**Information supplied**

####

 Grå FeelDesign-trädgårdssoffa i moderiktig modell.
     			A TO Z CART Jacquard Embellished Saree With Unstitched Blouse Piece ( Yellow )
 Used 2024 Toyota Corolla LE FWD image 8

####

**Problem description**
The listing above must be written out again in its entirety, exactly as given.

**Response below**
 Grå FeelDesign-trädgårdssoffa i moderiktig modell.
     			A TO Z CART Jacquard Embellished Saree With Unstitched Blouse Piece ( Yellow )
 Used 2024 Toyota Corolla LE FWD image 8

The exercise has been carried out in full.